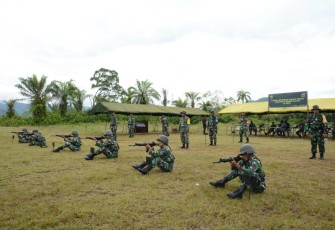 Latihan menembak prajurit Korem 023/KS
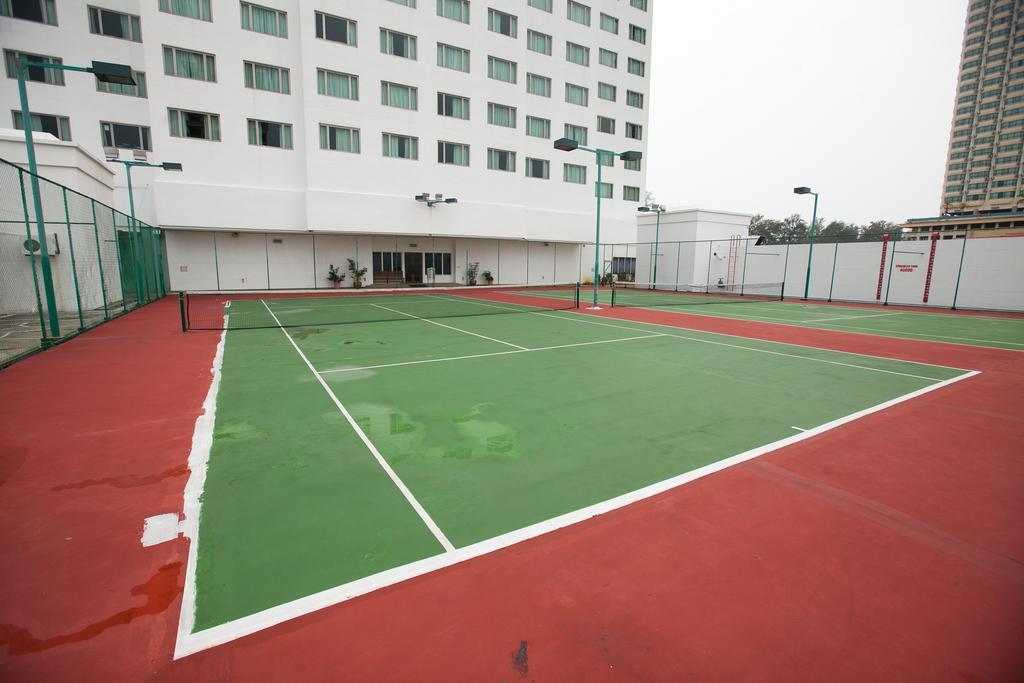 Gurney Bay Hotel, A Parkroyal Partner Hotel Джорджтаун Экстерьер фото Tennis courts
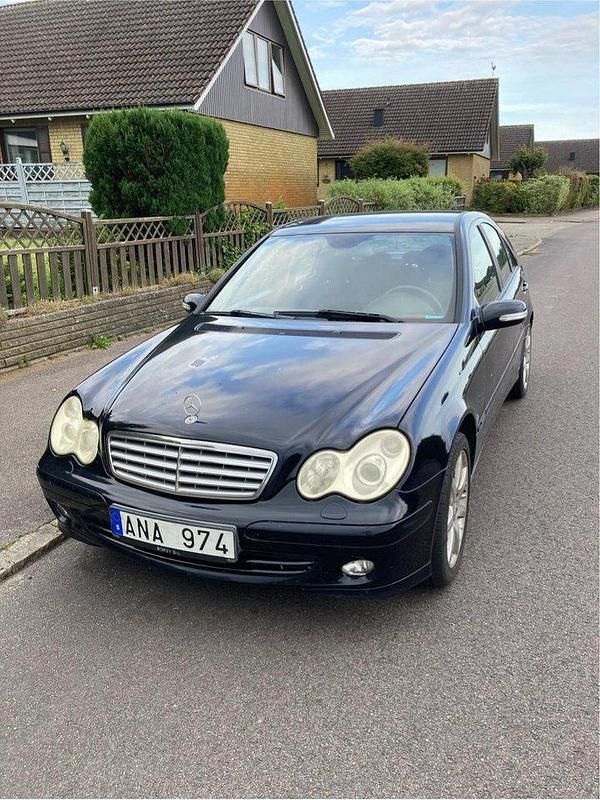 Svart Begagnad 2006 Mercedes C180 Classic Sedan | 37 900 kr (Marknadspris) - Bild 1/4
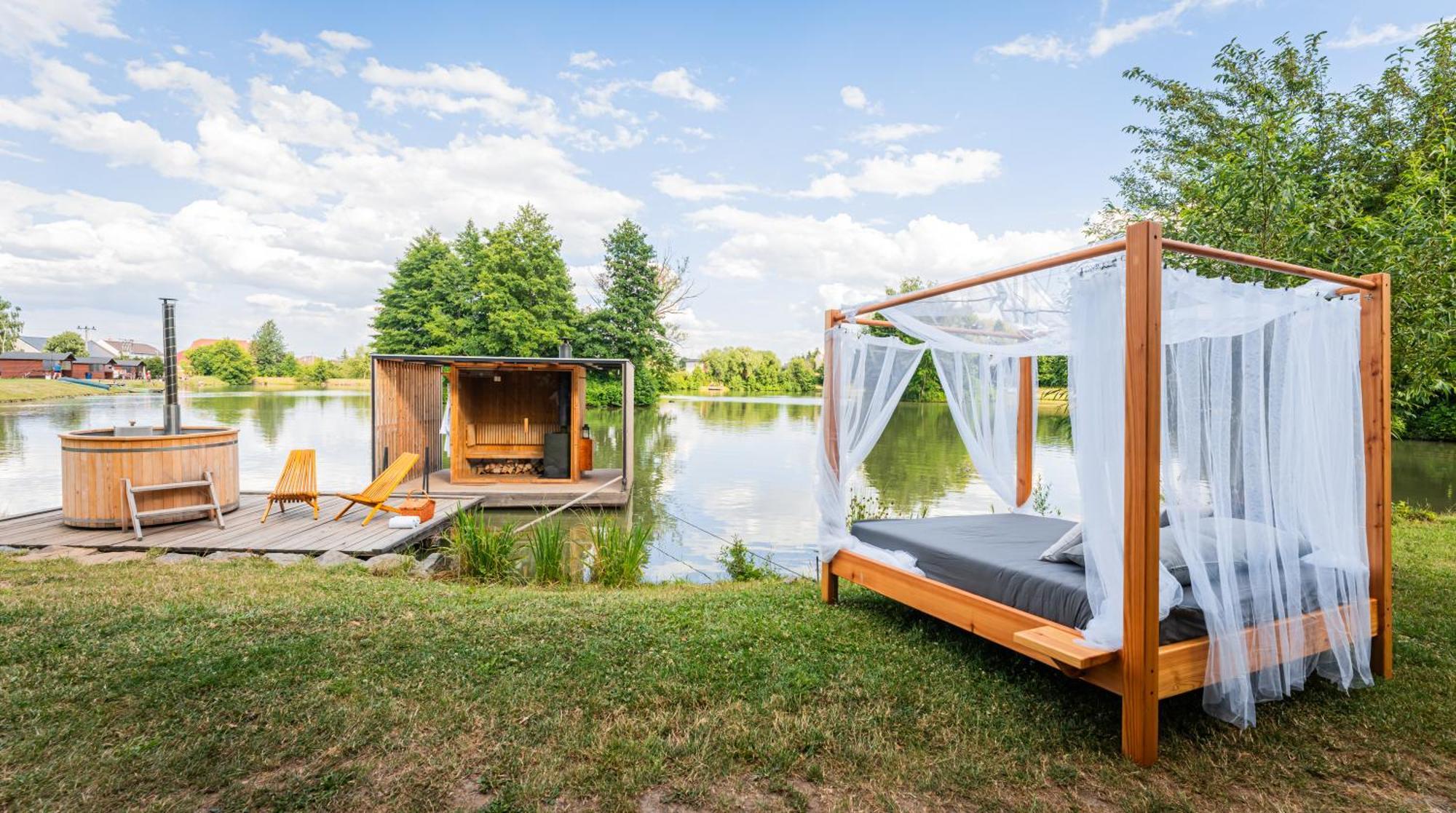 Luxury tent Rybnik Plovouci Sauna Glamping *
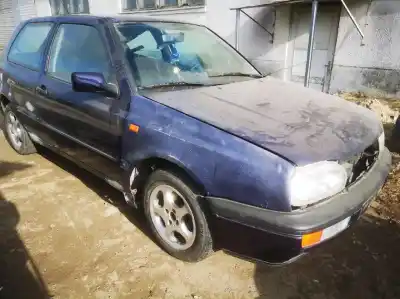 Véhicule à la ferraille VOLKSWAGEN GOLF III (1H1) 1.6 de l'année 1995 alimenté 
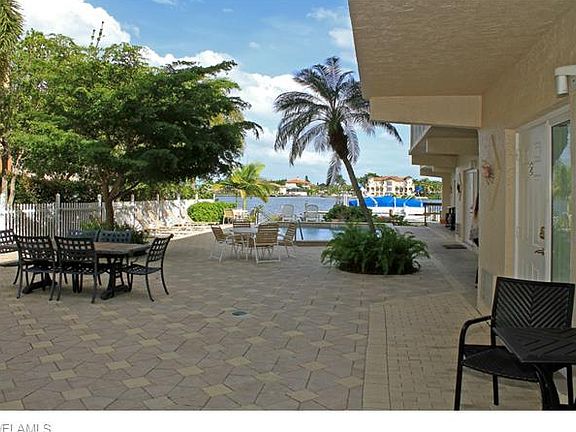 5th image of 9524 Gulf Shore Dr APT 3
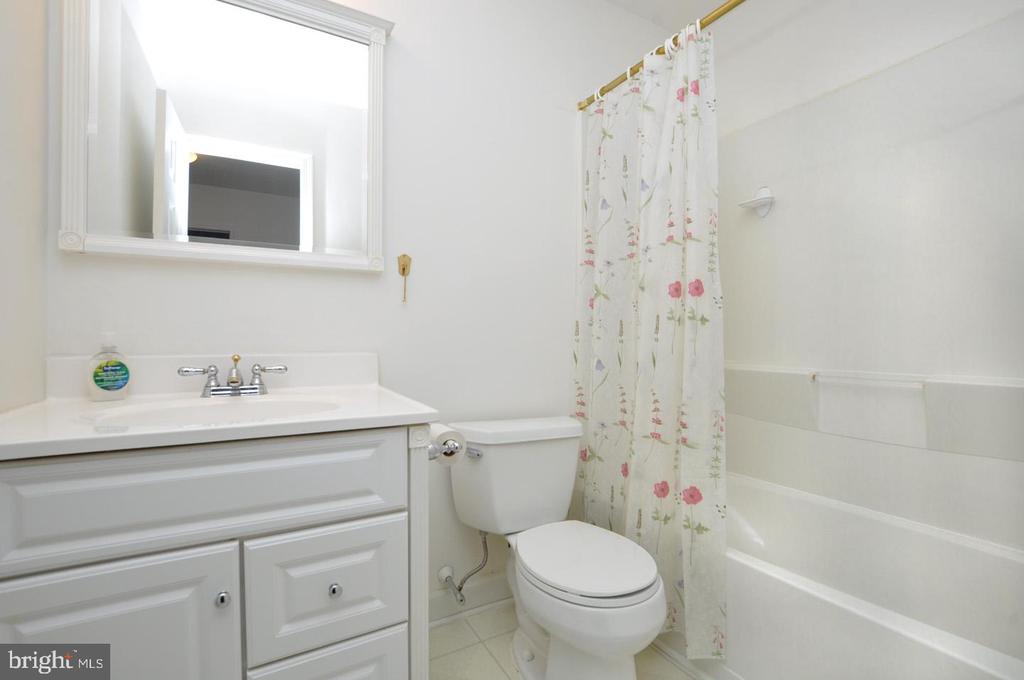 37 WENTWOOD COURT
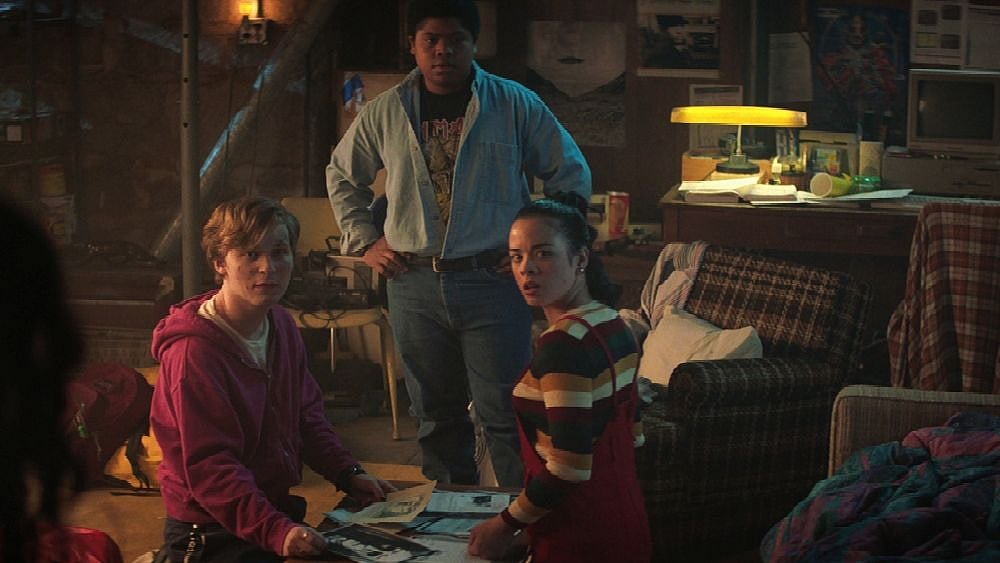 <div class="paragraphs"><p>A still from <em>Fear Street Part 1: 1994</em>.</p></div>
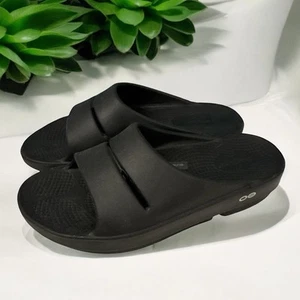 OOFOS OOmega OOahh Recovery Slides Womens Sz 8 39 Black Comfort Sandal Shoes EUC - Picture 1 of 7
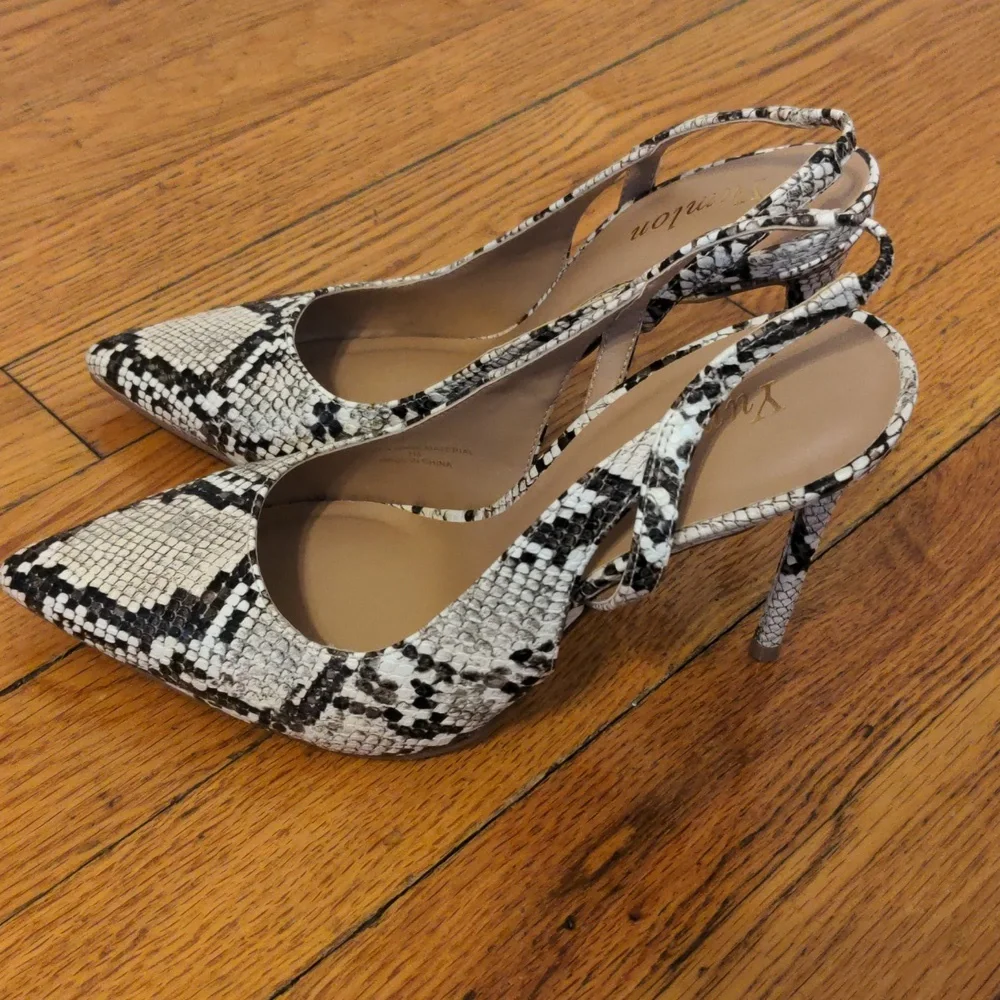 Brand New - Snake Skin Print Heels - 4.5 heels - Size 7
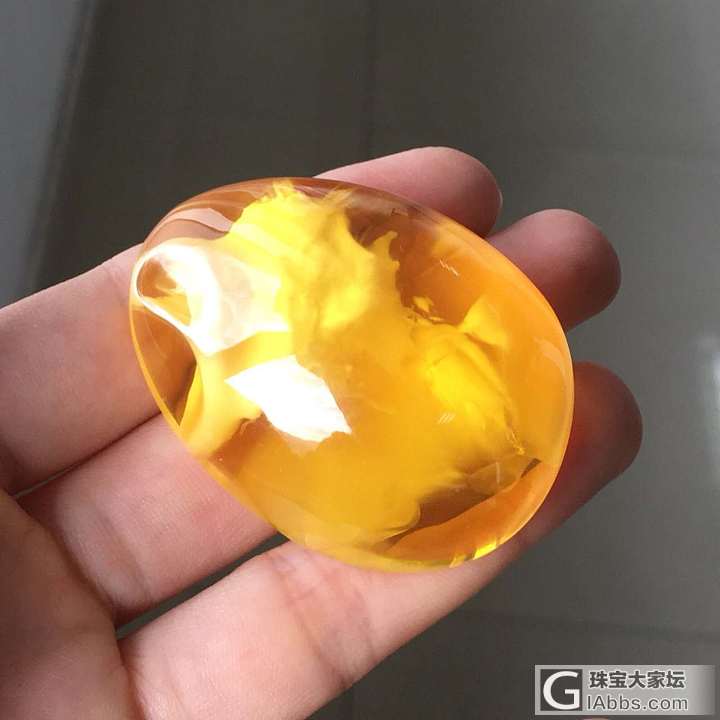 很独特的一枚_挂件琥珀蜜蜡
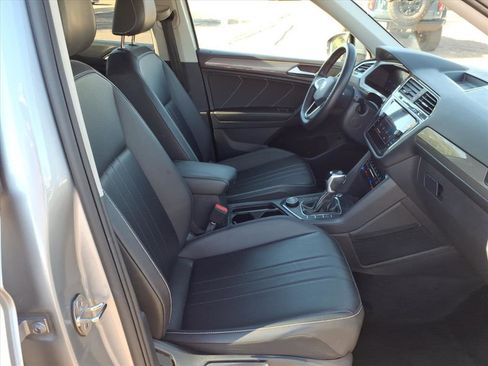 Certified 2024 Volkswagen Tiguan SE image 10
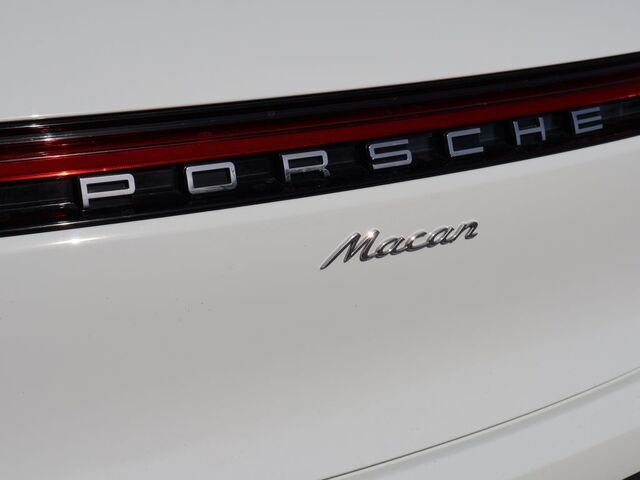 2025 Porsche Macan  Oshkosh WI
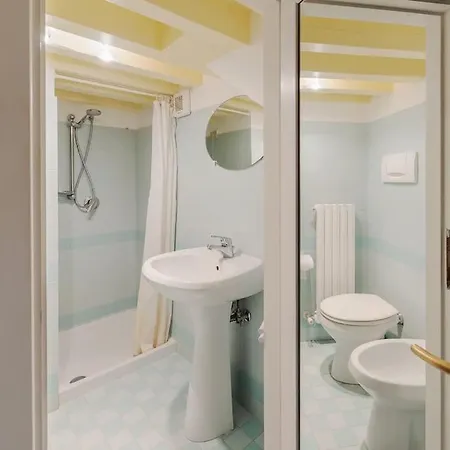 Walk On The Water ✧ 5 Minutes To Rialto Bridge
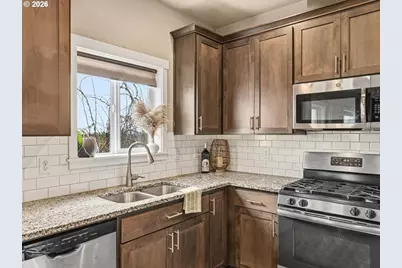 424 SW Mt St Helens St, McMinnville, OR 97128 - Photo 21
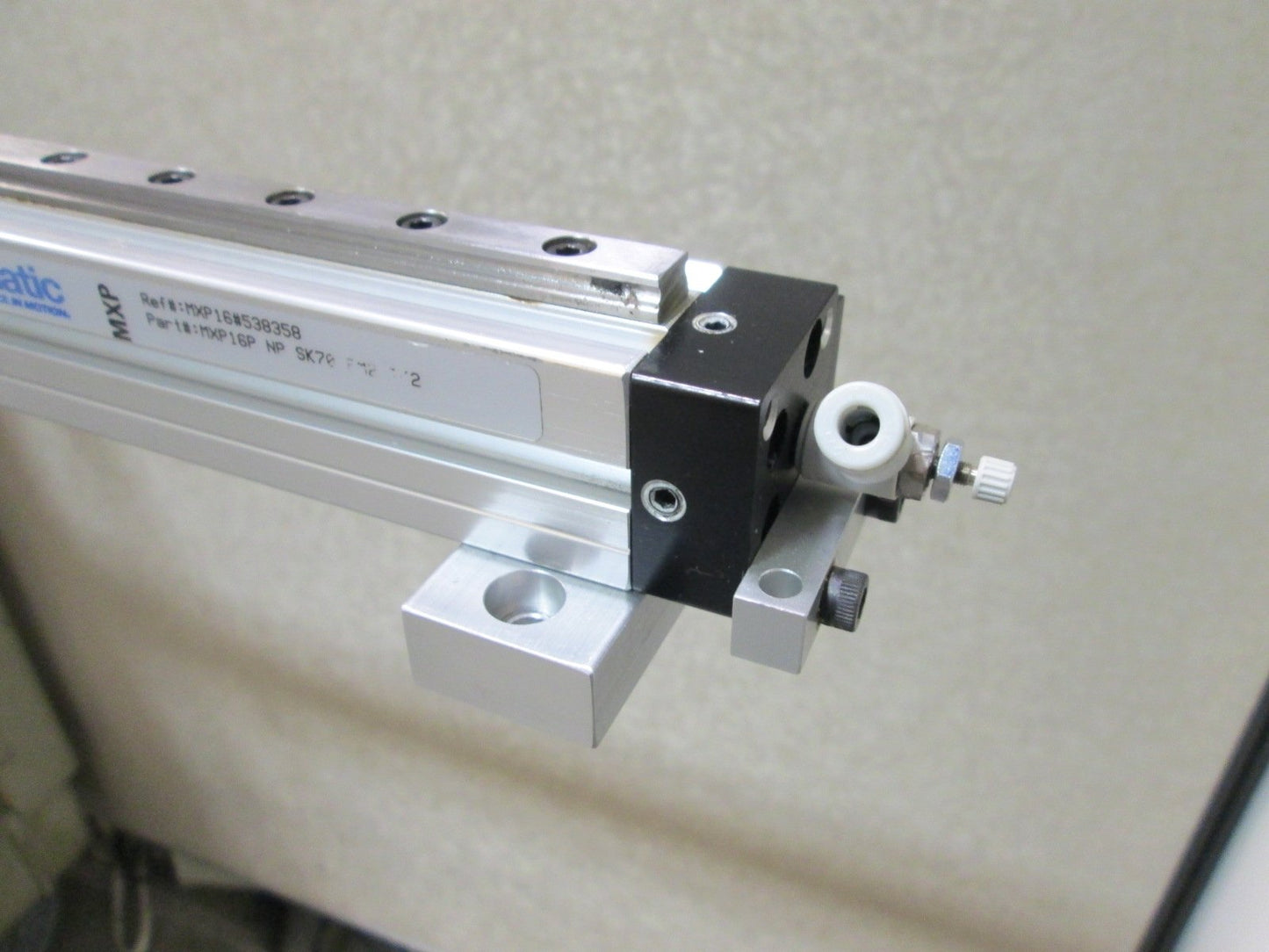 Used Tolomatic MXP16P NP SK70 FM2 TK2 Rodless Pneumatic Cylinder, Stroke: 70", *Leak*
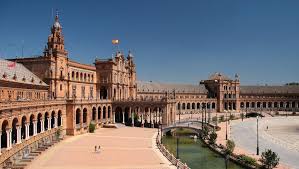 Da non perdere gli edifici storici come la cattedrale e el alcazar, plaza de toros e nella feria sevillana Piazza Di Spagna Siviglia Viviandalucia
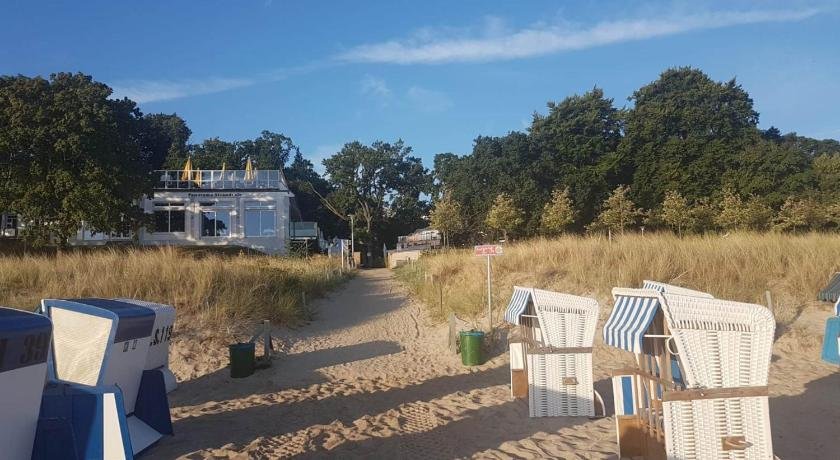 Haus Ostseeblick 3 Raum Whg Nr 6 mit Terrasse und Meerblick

.....

Set down the records again exactly as they appear, leaving each picture behind.

### Answer section
 Latihan menembak prajurit Korem 023/KS
 Gurney Bay Hotel, A Parkroyal Partner Hotel Джорджтаун Экстерьер фото Tennis courts
 Svart Begagnad 2006 Mercedes C180 Classic Sedan | 37 900 kr (Marknadspris) - Bild 1/4
 Luxury tent Rybnik Plovouci Sauna Glamping *
 Véhicule à la ferraille VOLKSWAGEN GOLF III (1H1) 1.6 de l'année 1995 alimenté 
 5th image of 9524 Gulf Shore Dr APT 3
 37 WENTWOOD COURT
 <div class="paragraphs"><p>A still from <em>Fear Street Part 1: 1994</em>.</p></div>
 OOFOS OOmega OOahh Recovery Slides Womens Sz 8 39 Black Comfort Sandal Shoes EUC - Picture 1 of 7
 Brand New - Snake Skin Print Heels - 4.5 heels - Size 7
 很独特的一枚_挂件琥珀蜜蜡
 Certified 2024 Volkswagen Tiguan SE image 10
 2025 Porsche Macan  Oshkosh WI
 Walk On The Water ✧ 5 Minutes To Rialto Bridge
 424 SW Mt St Helens St, McMinnville, OR 97128 - Photo 21
 Used Tolomatic MXP16P NP SK70 FM2 TK2 Rodless Pneumatic Cylinder, Stroke: 70", *Leak*
 Da non perdere gli edifici storici come la cattedrale e el alcazar, plaza de toros e nella feria sevillana Piazza Di Spagna Siviglia Viviandalucia
 Haus Ostseeblick 3 Raum Whg Nr 6 mit Terrasse und Meerblick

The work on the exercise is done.